CRISE NA SEGURANÇA, AUMENTO DE HOMICÍDIOS EM 2012


SEDS MANDA , MAS NÃO MANDA!?


Os números crescentes de crimes violentos, a falta de vagas no sistema prisional, as fugas, os motins, a população vivendo em constante sensação de insegurança. Para tentar mudar o quadro de epidemia de violência vivido hoje no Estado, o governo apresenta um orçamento significativo - foram gastos R$ 7,5 bilhões, em 2011. O problema é que a maior parte desse dinheiro é engessada e acaba não sendo convertida em investimentos na prevenção ou no combate à criminalidade.

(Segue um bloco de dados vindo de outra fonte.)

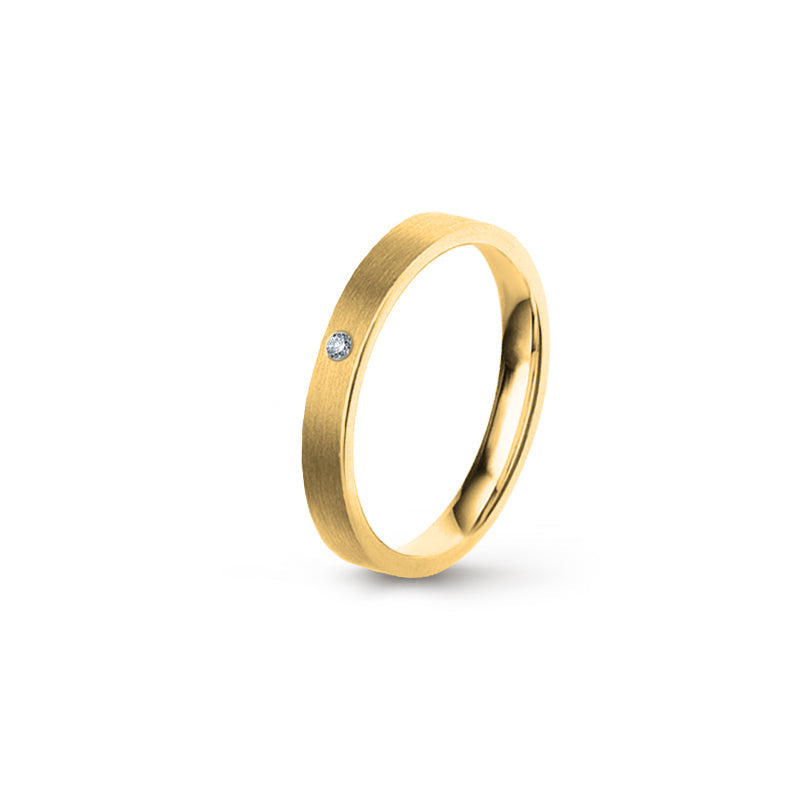 Aliança Eternis Clássica Plana Amarelo Acetinado com Pedras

Dados do próprio governo mostram que os dois pilares da Secretaria de Estado de Defesa Social (Seds), a integração das polícias Militar e Civil e a prevenção à criminalidade, juntos, receberam menos de 1% do orçamento da pasta - foram R$ 58,6 milhões, apenas 0,7% do total. A integração das polícias recebeu R$ 35,2 milhões, e os programas preventivos, como o Fica Vivo, ficaram com R$ 23,4 milhões. Por outro lado, a secretaria destinou no ano passado R$ 2,7 bilhões para a remuneração de policiais militares. Desse total, R$ 1,2 bilhão foram gastos com inativos - 16% do orçamento.

Para o filósofo e membro do Fórum Brasileiro de Segurança Pública (FBSP) Robson Sávio, responsável pela compilação dos dados, é a destinação do recurso que define a política de segurança pública de um governo. "Se a secretaria não tem dinheiro, não terá como fazer uma política eficiente e investir em novas ações e programas sociais", disse.

O dinheiro que o Estado destina à segurança é dividido em áreas (ver quadro ao lado), e as principais delas são as polícias Civil e Militar e a secretaria - essa última cuida dos programas preventivos, da integração das polícias e de gerir as instituições da área. Enquanto a PM recebe R$ 4,9 bilhões (65,9% do total), a Seds fica com apenas R$ 1 bilhão (13,4%).

Segundo Robson Sávio, o recurso destinado à secretaria já é pouco e fica ainda mais prejudicado porque 62% dele (R$ 625,8 milhões) vão para o sistema prisional. "Sobra pouco para prevenção e integração das polícias". Para o especialista, o fato de a Seds não controlar o orçamento das polícias também a enfraquece. "Como a secretaria pode ser gestora, articuladora e ter autoridade se não detem poder sobre o orçamento?".

Para o ex-subsecretário de Defesa Social Luis Flávio Sapori, os dados revelam um enfraquecimento da Seds. "O poder da secretaria precisa ser retomado, principalmente em relação aos investimentos, que dependem de decisões políticas".

Crimes. Enquanto isso, cresce a criminalidade. Entre janeiro e março, 207 pessoas foram mortas na capital, 13% a mais que no mesmo período de 2011 (183). Desde o início do ano, 31 presos fugiram de unidades prisionais do Estado.

A Seds informou em nota, na noite de ontem, que busca financiamento de R$ 259 milhões junto a bancos de fomento - 9,76% serão usados em prevenção e 19,27% na integração das polícias.